When students at UCLA recently demonstrated against tuition hikes and as a result were treated like children and warned about the "limits of protest," my mind immediately raced back to October 1964 when officials at Berkeley expressed similar finger-wagging contempt for students who believed that the First Amendment didn't end at the gates to the campus. Out of that sprung the Free Speech Movement, the first mass protest on a college campus since the 1930s. The FSM not only helped light the fire of student activism in Berkeley and across the country, it also spawned one of the most memorable quotes to come out of the '60s as well as maybe the decade's best student speech. First, the quote. The protest was ignited when a graduate student and civil rights activist named Jack Weinberg was arrested for "illegal activity" on the campus -- the illegal activity being the manning of a CORE (Congress of Racial Equality) table on the school's plaza. After Weinberg was placed in the back of a police car, several thousand students surrounded it, beginning a bladder-busting stand-off that lasted thirty-two hours until charges against Weinberg were dropped. I visited Weinberg fifteen years ago while researching a book on the '60s. Let him tell the rest of the story:
"A few weeks after the police police car incident, the San Francisco Chronicle's education reporter, James Benet, interviewed a number of the protest leaders for a Sunday newspaper story. He started to ask me questions about what was behind the movement and I [mistakenly] thought he was fishing for quotes to back up the "communist conspiracy" theory. "…We young people were the driving force behind our own movement. I wanted to make this point as forcefully as possible. I wanted to get the reporter thinking about why people his age were incapable of giving people my age credit for our own accomplishments. To razz him I said, 'We have a saying in the movement that you can't trust anyone over thirty.' "

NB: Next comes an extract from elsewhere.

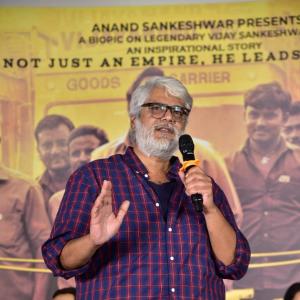 Vijayanand Movie Press Meet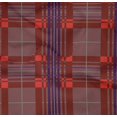 thumbnail image 4 of oneOone Organic Cotton Poplin Twill Fabric Tartan Check Print Fabric BTY 42 Inch Wide, 4 of 4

With that comment, the generation gap, as it came to be known, was born. I should say that although he was a pleasant host, Weinberg was clearly tired of retelling the story. "I'm proud of the many important things I did during my years as a movement activist," he told me. "It's a bit disappointing that the one event that puts me in the history books -- the one thing people ask me to comment on -- is an off-the-wall put down I once made to a reporter." Then there was the speech. Like Weinberg, Mario Savio was also a civil rights activist and grad student at Berkeley when the protest erupted , and as Weinberg sat in the back of the police cruiser, Savio climbed onto the hood and made a galvanizing speech to the crowd. But it was some two months later when negotiations failed to establish free speech on the campus that Savio led a sit-in at the campus's Sproul Hall uttered the words that made him famous (and also got him arrested):
"There is a time when the operation of the machine becomes so odious, makes you so sick at heart, that you can't take part; you can't even passively take part, and you've got to put your bodies upon the gears and upon the wheels, upon the levers, upon all the apparatus, and you've got to make it stop. And you've got to indicate to the people who run it, to the people who own it, that unless you're free, the machine will be prevented from working at all."